Copy out exactly the lines from the one containing "Russland, Konv. 25" through the end of the records, and no pictures.

===

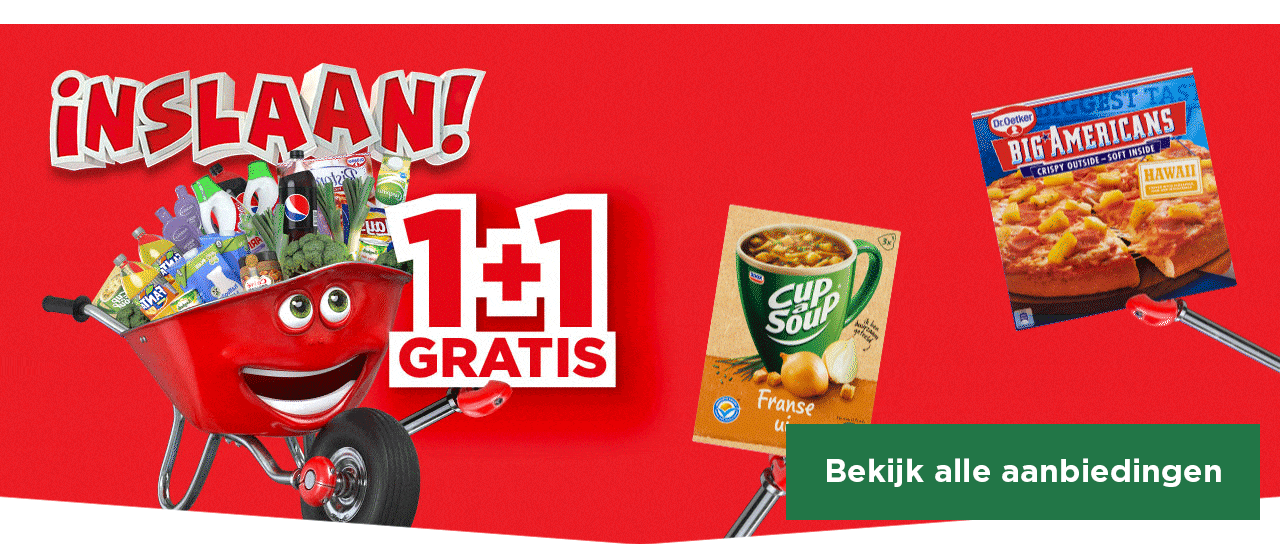 Inslaan! 1+1 GRATIS | Bekijk alle aanbiedingen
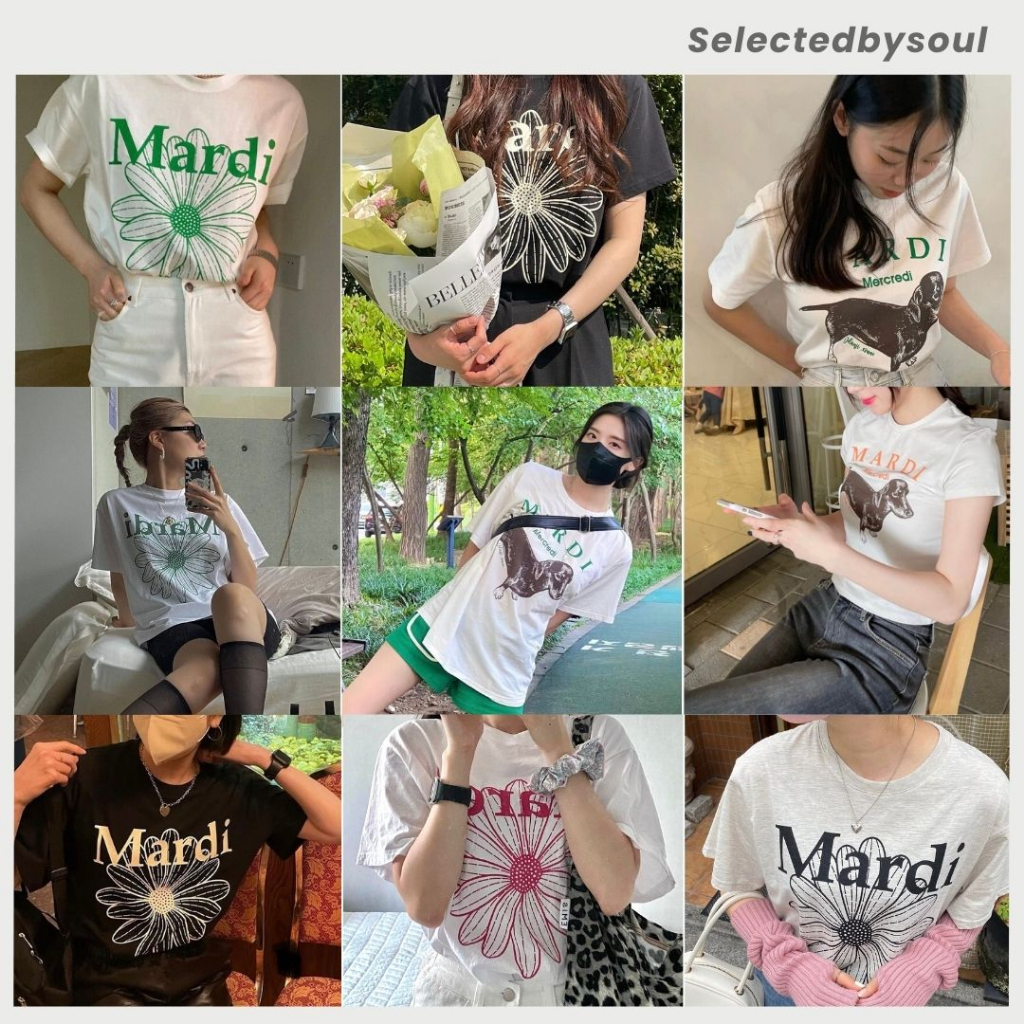 [พร้อมส่ง] Mardi Mercredi T-Shirt Flowermardi ของแท้100% ✨ เสื้อ Mardi นำเช้าจากเกาหลี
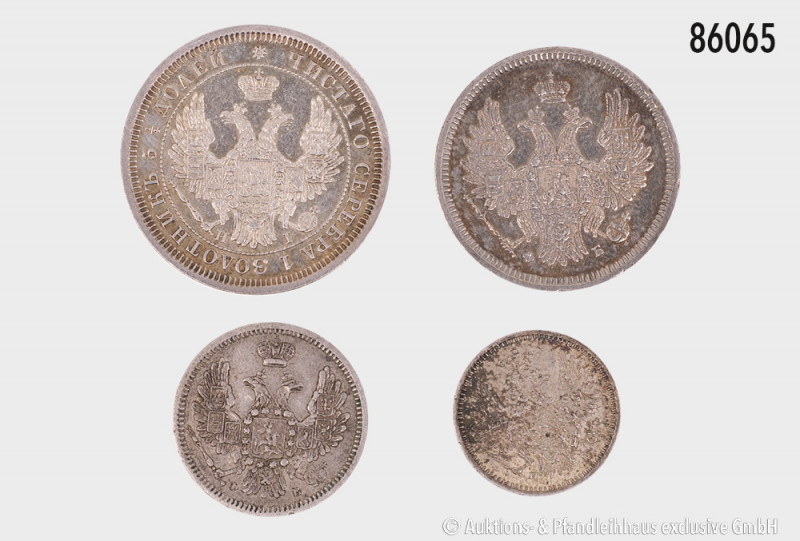 Russland, Konv. 25 Kopeken 1855, 20 Kopeken 1857, 10 Kopeken 1856 und 5 Kopeken ...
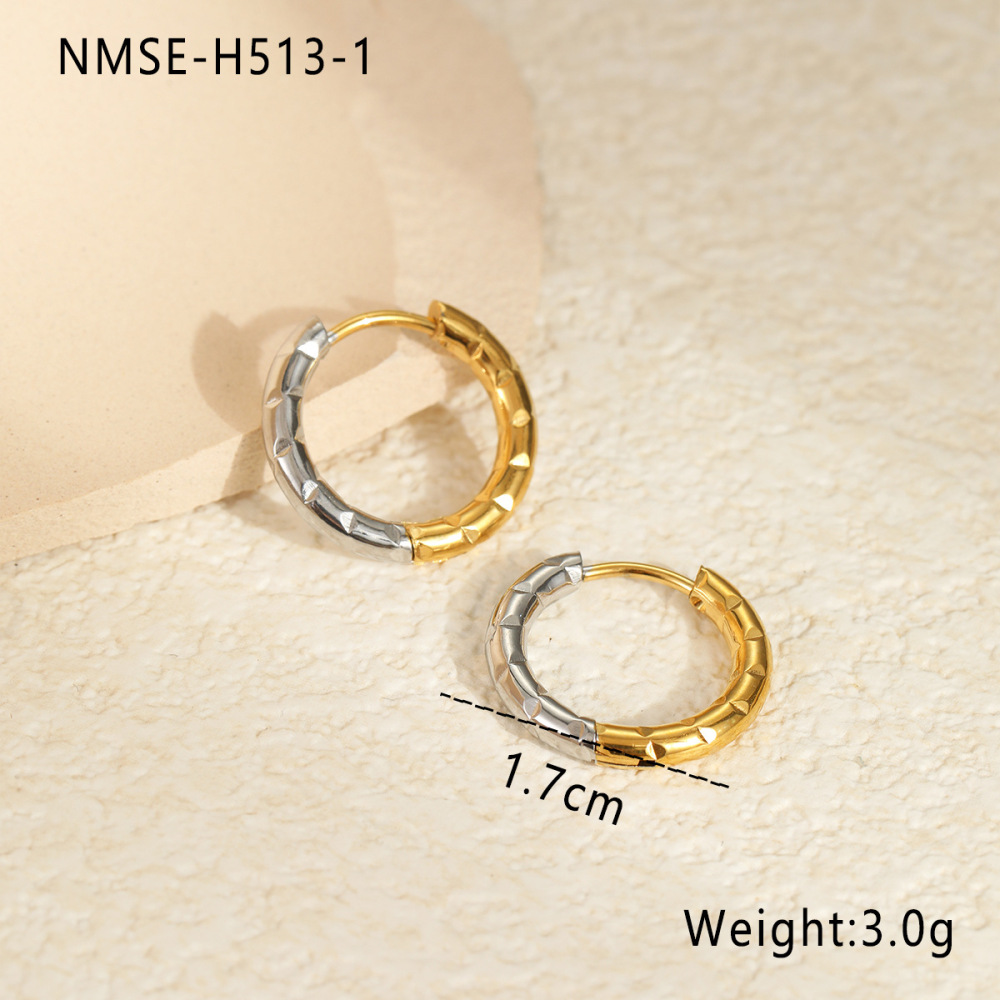 Boucles D'Oreilles Créoles Géométriques Simples Pour Femmes, En Acier Inoxydable Étanches.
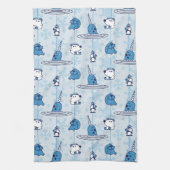 Narwhal Blue Snowflake Pattern Geschirrtuch (Vertikal)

===

Solution to this problem:
 Russland, Konv. 25 Kopeken 1855, 20 Kopeken 1857, 10 Kopeken 1856 und 5 Kopeken ...
 Boucles D'Oreilles Créoles Géométriques Simples Pour Femmes, En Acier Inoxydable Étanches.
 Narwhal Blue Snowflake Pattern Geschirrtuch (Vertikal)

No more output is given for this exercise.